N生児の星©︎斎藤雨梟 SAITO Ukyo

 望がおかしいって、噂くらいは聞いてるんだろう。実はもう死んでて、私が一人二役やってるなんて、昔の悪だくみと正反対の、傑作なのもある。それとも、もっと出所のまともな話にあたってきたのか。言っておくが、それだって事実じゃない。なぜ断言できるかって、事実なんか私にもよくわからないからさ。別に隠してるわけじゃない、説明のしようがないだけなんだ。望は突然、奇病を患ってね。時々前触れもなく倒れて、鼓動も呼吸もピタリと止めて何日もそのままになる。最初は死んだかと思って泣いたけど、球になだめられて様子を見てると、そのうち何もなかったように動き出す。聞いたことのない話だろう。球も調べてくれるが原因がわからない。命の危険はなさそうだと言うが、専門家の意見とはいえ推測の領域だ。望は好きなものも思い通り作れず、よく混乱したり塞ぎ込んだり辛そうだった。私も、長生きしたいなんぞと思いもしなかったくせに、望が早死にすると想像しただけで気が狂いそうだった。

 そんな時、生体技能者の認定制度が始まって、特級に私を推薦したいと球が言い出したんだ。球自身も認定者に内定したから、球の診療が特級技能とみなされ、もう一般の人間を勝手に診られなくなる事情もあった。私も認定者ならば自由に診られるし、私の技能を維持するため、望の健康状態が私と同じ必要があると認められれば、望も治療できる。今ならばそう話を通せると。現代に球以上の医者はいないよ。決して身内びいきじゃなく、実際そうなんだ。この時点で、話を受ける以外、考えられなかった。

 生体技能とは、生身の体に備わる、まだ抽出・信号化できていないメタ感覚を高度に要する技能のことだ。今だって、連邦政府の存在意義といったら、まずはこれだけ数の減った人類を維持する計画にあるだろう。当時は古い「国」がなくなって、連邦制と呼べるものがどうにかまとまったばかり。なおさらそこに、全てがかかってた。生きた生身の体のサンプルをなるべく数も種類も確保しておきたい肚も当然あったろう。認定者は新しい体にはなれないが、特級ともなると、生身のまま健康を保ち、メタ感覚に関わる環境も保つために、連邦があらゆる手段を講じてくれる。そうも聞かされた。

 それから今まで、球が手を尽くしてくれてるが、望の具合は一進一退だ。動きが止まる不安には、何百年経とうと慣れそうにない。それに、良くないなりに状況が安定すればしたで、また別のことがこたえる。動かない時の望が、昔作った「死体」そっくりなんだ。残酷な眺めだよ。私は心の奥底でこの状態をこそ望んでいて、人形作りはその再現だったんじゃないかと、疑い出すと止まらず、ひどく苛まれてね。球にどうにもできないならば医学の限界だろうが、それを知らされ続けるのも辛い。いっそ認定者を降りて二人一緒に自然寿命に任せるかと思うこともある。

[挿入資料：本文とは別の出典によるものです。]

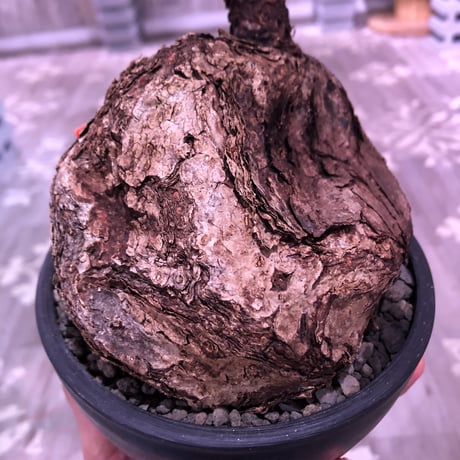cyphostemma    pachypus《大きめM size》希少size‼︎ ※歴史と育ちの生き様を実感できる一株‼︎※mad black bowl pot植え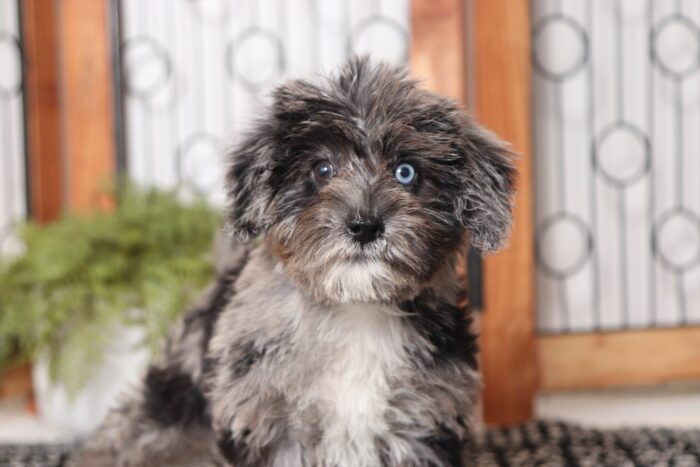 Jenny  - Stunning Little Female Schnoodle Puppy - Image 2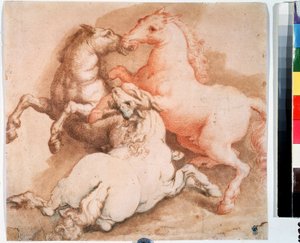 Combattimento di cavalli da Italian School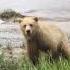 Grizzly Bear Charge In Remote Alaska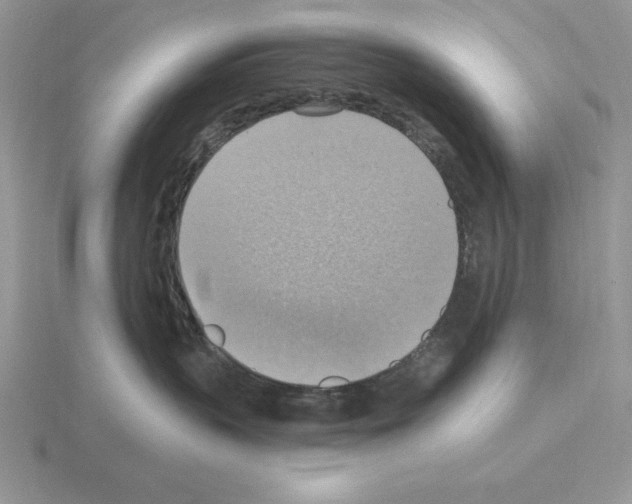 X0000115420383200912151608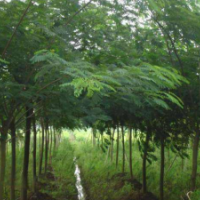 江蘇沭陽(yáng)合歡樹價(jià)格合歡產(chǎn)地供應(yīng)4-15公分合歡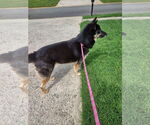 Small #1 German Shepherd Dog-Siberian Husky Mix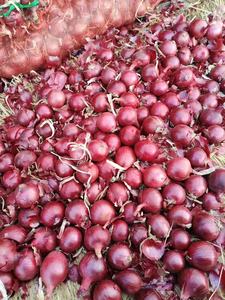<strong>Onion</strong> 2025 New Crop Sinofarm 5-8cm 25kg Mesh Bag Red <strong>Onions</strong> Price Per Ton <strong>in</strong> <strong>China</strong> Fresh Vegetables <strong>Onion</strong> Seeds Cebolla <strong>Exporter</strong> - Product Image 3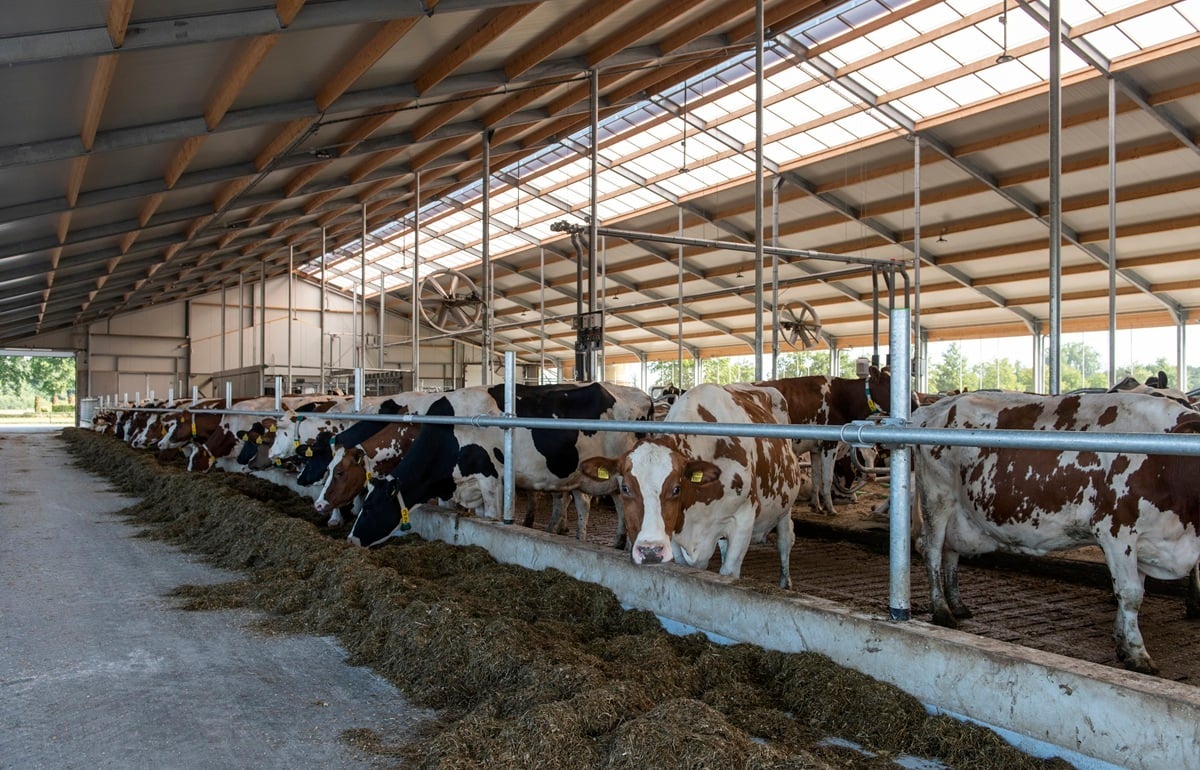 20220901 v Ginkel_5801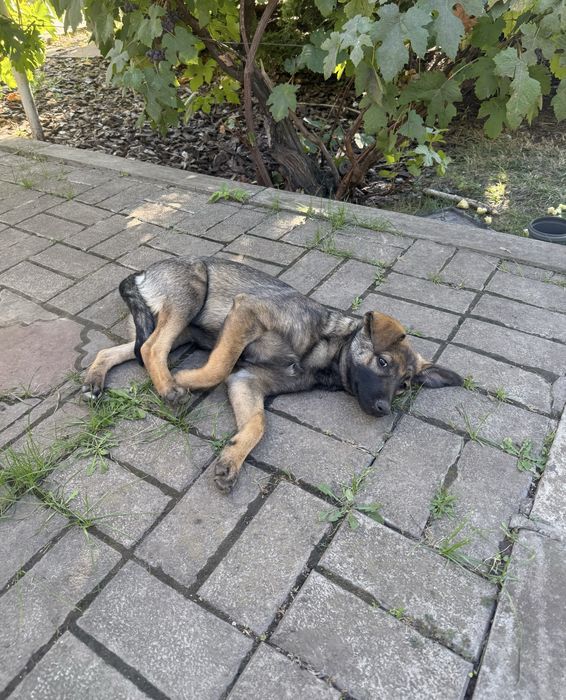 Песики в добрі руки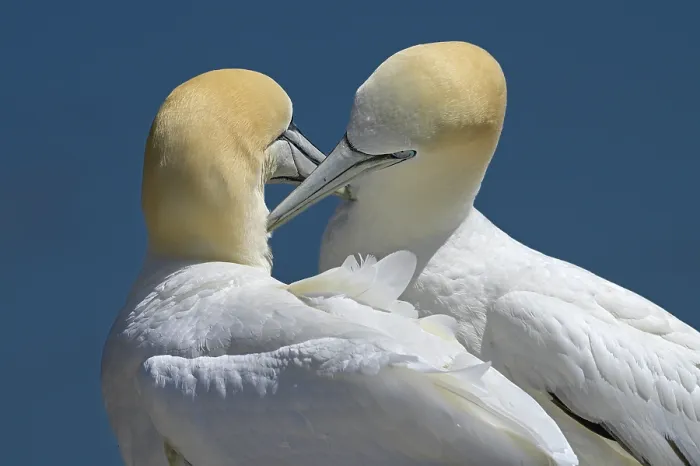 Framed Print : Northern gannets (Morus bassanus) pair in courtship display, Great Saltee Island, County Wexford, Republic of Ireland. June Framed Print : Northern gannets (Morus bassanus) pair in courtship display, Great Saltee Island, County Wexford, Republic of Ireland. June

 でも、あんたみたいな変わったお客を迎えて、心が未知と遊び出すとわかるんだよ、それもこれもただ単に、このところのどうしようもない倦怠を、逃れたいだけだったかもしれないってね。きっと私にはもう少し、待つべきものがあるんだろう、まるで知れない明日だとか、そんなものが。なに、球もよく訪ねて来てくれるし、この頃じゃあ望は動き出せば元気なのが救いだよ。今? 止まってるよ、望は。会わせるわけにはいかない、悪いけれど。

 私と望と球の身の上話と間柄は、これくらいだ。

 次はそっちの番だ、ここへきた本当の理由をそろそろ教えてくれないか。

 あんたが私たち三人に、そっくりな理由も。

 新しい体をどう作るのも簡単とはいえ、偶然とは考えにくいね。何かわけがあるんだろう? 妙な話だ、こんな長い時を経て、同じ顔の人間が五人揃うなんて。

     *

 日は落ちかけ、部屋の隅の暗がりも夜の色を少しずつ濃くしている。剣崎が手をかざすと、天井につけられたあかりが灯り、互いの姿をつぶさに照らし出した。はじめに相対した時の剣崎の行動を再現するかのように、若い客は油断なくじっと見つめ返し、そして薄く微笑むと切り出した。

「私が『新しい体』だと、先ほどから随分確信をお持ちなのは、なぜですか」

 剣崎の眉がぴくりと動く。自分と寸分違わぬ姿をした相手を、人でない者でも見る目で、しかしどこか面白がる風情で迎えていたのが、急にその同じ双眸に心もとなさが浮かび出る。

「なぜってそりゃあ、見れば……」

 発した言葉も半ばで不明瞭に濁り、早くも確信を疑い始めたのは明らかだった。

「確かに私は新しい体らしい外見でしょうが、それを言うならば生身のはずのあなたも、同じでは?」

 客はなおもたたみかける。指摘はもっともなものだが、剣崎は意表を突かれたというふうに、曖昧な表情を口元に貼りつかせて絶句している。

「私がここへきた本当の理由を、いくつか推測されてはいるんでしょう。でも言っておきますが、それは事実ではありません」

 意図してなのか、つい先ほどの物言いをそのまま返すと、客はようやく口を開きかけた剣崎を両手のひらをふわりと上げて牽制し、ひと息の間をおいて、言った。